Amy Coney Barrett Students 'proud' of her nomination

NOW: Amy Coney Barrett Students ’proud’ of her nomination

SOUTH BEND, Ind. - Judge Amy Coney Barrett has been nominated by President Donald Trump to replace the late Justice Ruth Bader Ginsburg on the US Supreme Court. Barrett is both a federal judge and a Notre Dame law professor. Two of her students said they are proud of her achievement. One former classmate of hers said President Trump would be hard-pressed to find a smarter nominee.

"I was very impressed with her intelligence and her ability to grasp the law," said Stan Wruble, Barrett's classmate at Notre Dame's law school. "As you might imagine there are a lot of smart people who go to Notre Dame Law School, but she was clearly one of the smartest people I've ever met."

Hadyn Pettersen, one of Barrett's law students at Notre Dame said the student body at Notre Dame's law school agrees.

"When registration opens every year, her class fills up within seconds," Pettersen said. "That's because people really do recognize that she is at the top of her field."

Pettersen said class has been different with Judge Barrett making visits to Washington, D.C. to discuss the Supreme Court vacancy.

"On Monday we heard rumblings that she was in consideration," Pettersen said. "Actually, when we showed up for class, she had sent her clerk to lead the class that day. in hindsight, we heard reports that she was at the White House visiting with the President."

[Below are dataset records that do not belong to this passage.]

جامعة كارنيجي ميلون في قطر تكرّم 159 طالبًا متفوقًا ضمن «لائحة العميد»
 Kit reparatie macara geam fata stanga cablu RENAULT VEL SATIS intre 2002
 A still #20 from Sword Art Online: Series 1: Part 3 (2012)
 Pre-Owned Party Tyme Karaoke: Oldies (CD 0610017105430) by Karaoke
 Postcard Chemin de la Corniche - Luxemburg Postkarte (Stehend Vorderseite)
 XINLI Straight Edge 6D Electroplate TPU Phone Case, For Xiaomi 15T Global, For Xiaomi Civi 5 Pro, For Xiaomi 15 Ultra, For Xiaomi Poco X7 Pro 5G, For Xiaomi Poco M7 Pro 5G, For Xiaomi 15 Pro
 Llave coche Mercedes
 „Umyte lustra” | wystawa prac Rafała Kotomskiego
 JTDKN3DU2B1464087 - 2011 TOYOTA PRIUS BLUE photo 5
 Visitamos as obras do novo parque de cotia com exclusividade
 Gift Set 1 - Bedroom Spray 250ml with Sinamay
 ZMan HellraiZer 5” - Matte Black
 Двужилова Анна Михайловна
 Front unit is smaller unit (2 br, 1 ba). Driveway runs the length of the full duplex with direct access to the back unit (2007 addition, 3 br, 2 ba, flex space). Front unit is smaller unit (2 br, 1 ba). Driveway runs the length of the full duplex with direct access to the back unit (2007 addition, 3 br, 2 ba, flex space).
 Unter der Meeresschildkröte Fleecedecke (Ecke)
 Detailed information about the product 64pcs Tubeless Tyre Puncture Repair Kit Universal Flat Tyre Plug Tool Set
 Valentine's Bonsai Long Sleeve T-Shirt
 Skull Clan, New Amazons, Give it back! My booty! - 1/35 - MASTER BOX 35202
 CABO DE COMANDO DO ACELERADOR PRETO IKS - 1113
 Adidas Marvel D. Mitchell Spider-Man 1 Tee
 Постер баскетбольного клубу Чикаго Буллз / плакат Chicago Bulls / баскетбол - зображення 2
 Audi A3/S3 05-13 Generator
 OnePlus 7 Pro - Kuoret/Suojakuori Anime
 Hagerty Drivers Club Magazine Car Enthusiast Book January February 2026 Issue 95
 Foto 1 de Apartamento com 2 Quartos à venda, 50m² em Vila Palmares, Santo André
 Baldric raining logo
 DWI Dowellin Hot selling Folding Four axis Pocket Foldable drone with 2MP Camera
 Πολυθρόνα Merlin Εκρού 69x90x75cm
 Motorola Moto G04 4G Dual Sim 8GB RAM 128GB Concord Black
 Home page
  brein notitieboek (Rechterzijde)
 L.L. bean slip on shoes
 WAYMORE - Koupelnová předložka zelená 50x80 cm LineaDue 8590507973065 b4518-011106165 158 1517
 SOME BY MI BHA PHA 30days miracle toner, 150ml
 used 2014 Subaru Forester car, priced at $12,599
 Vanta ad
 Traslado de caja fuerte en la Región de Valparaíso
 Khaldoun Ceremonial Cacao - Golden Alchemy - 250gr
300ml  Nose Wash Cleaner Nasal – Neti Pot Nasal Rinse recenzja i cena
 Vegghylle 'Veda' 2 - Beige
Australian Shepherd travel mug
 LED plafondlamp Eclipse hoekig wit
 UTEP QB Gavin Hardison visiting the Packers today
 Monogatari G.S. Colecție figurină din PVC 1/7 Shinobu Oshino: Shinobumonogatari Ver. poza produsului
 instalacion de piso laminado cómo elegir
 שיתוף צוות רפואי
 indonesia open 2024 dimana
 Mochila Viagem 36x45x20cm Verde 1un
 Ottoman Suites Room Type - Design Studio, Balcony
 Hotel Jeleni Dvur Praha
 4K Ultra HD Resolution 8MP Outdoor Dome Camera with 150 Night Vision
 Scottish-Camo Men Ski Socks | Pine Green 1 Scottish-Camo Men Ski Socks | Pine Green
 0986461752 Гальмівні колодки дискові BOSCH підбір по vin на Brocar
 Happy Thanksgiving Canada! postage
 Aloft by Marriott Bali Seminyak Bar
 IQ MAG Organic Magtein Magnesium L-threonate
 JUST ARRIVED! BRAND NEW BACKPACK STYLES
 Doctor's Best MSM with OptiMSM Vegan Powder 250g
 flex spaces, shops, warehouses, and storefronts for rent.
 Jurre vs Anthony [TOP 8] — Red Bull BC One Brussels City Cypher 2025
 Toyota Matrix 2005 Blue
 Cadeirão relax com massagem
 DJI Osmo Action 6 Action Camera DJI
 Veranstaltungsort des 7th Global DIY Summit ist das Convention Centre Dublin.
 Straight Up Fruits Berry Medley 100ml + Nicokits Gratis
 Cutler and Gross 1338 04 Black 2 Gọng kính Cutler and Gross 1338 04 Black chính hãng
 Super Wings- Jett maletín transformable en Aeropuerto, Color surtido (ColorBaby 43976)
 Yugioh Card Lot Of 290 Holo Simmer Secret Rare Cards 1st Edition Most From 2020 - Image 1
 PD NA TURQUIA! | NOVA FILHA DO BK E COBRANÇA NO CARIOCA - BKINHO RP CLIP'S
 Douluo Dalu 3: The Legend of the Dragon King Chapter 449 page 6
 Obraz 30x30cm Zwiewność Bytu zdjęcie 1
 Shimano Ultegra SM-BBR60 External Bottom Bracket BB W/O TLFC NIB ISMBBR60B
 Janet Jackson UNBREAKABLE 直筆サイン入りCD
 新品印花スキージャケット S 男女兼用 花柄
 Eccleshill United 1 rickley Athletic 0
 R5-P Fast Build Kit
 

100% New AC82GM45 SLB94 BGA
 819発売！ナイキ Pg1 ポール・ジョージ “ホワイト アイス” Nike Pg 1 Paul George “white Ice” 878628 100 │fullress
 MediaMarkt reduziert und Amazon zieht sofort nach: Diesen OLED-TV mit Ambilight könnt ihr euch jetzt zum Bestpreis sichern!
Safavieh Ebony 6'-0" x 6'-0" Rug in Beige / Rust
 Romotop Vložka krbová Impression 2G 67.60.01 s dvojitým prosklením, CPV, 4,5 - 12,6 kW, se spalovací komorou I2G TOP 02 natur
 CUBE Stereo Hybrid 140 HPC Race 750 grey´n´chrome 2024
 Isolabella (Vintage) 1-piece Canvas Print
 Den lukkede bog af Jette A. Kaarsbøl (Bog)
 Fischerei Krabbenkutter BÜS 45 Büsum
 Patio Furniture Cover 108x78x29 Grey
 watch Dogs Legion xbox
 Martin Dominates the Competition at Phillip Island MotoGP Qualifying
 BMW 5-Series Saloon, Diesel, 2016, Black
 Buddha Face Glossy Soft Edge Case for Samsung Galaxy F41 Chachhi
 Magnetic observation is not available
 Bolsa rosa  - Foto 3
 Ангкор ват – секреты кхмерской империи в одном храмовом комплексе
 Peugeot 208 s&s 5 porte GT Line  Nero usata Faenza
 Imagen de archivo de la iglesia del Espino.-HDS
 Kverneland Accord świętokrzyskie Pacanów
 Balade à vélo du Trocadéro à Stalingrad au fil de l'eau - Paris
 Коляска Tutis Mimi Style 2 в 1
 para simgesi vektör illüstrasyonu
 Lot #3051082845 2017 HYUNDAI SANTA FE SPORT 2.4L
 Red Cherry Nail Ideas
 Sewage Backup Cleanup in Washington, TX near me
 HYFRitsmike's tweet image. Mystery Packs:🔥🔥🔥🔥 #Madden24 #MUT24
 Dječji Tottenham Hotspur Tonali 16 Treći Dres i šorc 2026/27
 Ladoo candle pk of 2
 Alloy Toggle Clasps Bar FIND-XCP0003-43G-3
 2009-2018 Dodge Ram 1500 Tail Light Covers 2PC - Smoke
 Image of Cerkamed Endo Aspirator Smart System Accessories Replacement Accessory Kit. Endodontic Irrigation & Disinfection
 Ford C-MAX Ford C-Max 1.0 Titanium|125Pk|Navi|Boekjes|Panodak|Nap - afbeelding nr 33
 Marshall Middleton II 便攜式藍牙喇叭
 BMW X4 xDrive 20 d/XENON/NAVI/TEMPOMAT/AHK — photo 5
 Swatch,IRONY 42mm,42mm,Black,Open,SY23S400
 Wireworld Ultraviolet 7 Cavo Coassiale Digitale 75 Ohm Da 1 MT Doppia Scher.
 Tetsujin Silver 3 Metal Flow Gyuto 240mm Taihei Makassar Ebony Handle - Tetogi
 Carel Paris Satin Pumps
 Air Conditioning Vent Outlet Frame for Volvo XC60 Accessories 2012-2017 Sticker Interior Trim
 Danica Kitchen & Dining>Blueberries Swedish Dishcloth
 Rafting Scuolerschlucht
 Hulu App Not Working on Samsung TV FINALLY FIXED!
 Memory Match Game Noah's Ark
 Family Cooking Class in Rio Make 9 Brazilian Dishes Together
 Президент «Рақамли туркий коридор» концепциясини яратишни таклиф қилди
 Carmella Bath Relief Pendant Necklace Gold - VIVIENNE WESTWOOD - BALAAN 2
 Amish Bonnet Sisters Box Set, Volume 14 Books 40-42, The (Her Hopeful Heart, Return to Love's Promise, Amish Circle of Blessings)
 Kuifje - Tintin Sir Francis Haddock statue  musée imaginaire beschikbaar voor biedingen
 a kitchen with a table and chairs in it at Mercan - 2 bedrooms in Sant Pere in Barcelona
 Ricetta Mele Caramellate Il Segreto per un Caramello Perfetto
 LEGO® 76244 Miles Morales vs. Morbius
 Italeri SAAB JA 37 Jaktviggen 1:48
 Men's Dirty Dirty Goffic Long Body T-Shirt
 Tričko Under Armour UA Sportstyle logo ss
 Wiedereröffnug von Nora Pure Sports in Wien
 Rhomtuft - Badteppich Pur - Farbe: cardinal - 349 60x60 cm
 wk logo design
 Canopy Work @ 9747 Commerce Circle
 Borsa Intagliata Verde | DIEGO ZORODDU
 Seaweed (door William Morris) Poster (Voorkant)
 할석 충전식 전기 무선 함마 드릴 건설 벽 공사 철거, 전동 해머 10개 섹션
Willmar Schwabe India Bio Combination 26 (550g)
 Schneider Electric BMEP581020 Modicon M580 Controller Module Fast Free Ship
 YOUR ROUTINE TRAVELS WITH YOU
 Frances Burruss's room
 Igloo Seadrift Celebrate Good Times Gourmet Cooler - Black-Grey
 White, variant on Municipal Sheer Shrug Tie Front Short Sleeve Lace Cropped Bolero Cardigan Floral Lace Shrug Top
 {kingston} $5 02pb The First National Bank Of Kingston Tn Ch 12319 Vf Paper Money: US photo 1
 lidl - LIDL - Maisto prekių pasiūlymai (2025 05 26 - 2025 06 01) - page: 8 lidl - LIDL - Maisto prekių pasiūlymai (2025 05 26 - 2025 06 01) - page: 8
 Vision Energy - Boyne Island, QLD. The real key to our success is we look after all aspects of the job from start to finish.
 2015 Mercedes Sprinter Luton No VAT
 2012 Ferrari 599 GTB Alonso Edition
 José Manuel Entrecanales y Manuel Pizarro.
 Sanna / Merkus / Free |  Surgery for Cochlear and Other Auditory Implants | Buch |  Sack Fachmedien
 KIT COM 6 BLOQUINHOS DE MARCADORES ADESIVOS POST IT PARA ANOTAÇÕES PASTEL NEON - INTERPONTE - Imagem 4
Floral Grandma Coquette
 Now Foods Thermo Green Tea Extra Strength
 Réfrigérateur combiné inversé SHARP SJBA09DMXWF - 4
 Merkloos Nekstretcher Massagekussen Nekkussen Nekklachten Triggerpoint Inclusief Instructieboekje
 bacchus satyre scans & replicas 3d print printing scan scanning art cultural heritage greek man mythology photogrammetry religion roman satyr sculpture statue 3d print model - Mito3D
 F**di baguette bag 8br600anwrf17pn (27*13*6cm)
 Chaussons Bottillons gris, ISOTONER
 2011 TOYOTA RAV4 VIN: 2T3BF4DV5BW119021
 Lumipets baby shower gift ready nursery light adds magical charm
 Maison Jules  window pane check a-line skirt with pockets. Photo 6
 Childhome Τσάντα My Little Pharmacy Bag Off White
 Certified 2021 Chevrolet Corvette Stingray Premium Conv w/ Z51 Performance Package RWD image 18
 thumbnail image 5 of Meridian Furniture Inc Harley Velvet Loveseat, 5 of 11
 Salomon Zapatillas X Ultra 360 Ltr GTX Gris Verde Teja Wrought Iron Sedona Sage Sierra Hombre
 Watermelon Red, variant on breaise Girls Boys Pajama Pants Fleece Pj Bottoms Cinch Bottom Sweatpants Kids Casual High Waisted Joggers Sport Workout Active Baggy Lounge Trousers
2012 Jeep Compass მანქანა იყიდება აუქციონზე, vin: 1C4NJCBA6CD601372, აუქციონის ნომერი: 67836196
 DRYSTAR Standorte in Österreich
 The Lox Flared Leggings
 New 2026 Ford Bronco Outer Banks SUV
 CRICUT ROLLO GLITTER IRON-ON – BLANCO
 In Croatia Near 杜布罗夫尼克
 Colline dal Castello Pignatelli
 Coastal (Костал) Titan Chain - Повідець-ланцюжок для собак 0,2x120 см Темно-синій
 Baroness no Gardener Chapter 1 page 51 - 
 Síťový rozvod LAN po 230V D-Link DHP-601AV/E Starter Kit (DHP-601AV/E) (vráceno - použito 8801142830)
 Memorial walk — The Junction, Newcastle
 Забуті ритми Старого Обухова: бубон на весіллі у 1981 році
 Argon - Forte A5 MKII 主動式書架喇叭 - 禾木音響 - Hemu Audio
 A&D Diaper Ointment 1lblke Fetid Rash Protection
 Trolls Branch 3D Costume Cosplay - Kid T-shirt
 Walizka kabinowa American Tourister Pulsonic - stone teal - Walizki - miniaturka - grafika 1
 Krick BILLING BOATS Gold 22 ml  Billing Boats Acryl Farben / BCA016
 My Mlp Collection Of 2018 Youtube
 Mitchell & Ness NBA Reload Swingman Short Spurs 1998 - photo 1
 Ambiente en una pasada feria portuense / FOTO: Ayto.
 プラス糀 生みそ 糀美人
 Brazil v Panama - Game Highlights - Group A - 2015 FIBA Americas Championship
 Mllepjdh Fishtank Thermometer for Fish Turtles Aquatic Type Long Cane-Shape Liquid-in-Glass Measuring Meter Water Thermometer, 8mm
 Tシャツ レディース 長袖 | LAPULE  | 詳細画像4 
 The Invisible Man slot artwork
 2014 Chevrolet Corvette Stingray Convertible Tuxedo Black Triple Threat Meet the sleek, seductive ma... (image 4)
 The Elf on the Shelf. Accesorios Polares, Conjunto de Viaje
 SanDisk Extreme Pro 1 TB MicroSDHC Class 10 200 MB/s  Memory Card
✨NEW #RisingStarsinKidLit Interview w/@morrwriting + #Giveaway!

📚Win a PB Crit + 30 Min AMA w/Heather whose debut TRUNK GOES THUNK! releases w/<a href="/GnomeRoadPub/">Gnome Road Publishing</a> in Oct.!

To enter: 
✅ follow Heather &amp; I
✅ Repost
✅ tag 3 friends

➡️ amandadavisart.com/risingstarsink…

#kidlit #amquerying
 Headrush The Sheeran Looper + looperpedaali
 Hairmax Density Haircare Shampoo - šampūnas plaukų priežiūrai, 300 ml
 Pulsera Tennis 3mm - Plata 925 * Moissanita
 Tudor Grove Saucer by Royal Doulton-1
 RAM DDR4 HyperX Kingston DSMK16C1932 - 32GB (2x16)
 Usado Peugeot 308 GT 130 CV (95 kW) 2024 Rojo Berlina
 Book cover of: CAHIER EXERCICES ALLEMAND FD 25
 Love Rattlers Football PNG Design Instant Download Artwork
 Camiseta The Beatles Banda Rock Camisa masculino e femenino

Another one of Judge Barrett's students, Benjamin Horvath, said confirmation or not, he will put that Judge Barrett was one of his professors on his resume.

"It makes my experience as a law student even better than what it's been the last few years," Horvath said. "It puts the law school at the university on an even bigger map than what it is now. It's something that years and years from now, I think, will have a positive impact on not only me but the whole community and the whole university."

Horvath and Pettersen both said Judge Barrett has not discussed the nomination much with her classes, focusing primarily on her lecture material. She has not said what she will do with her teaching position if she gets confirmed by the US Senate.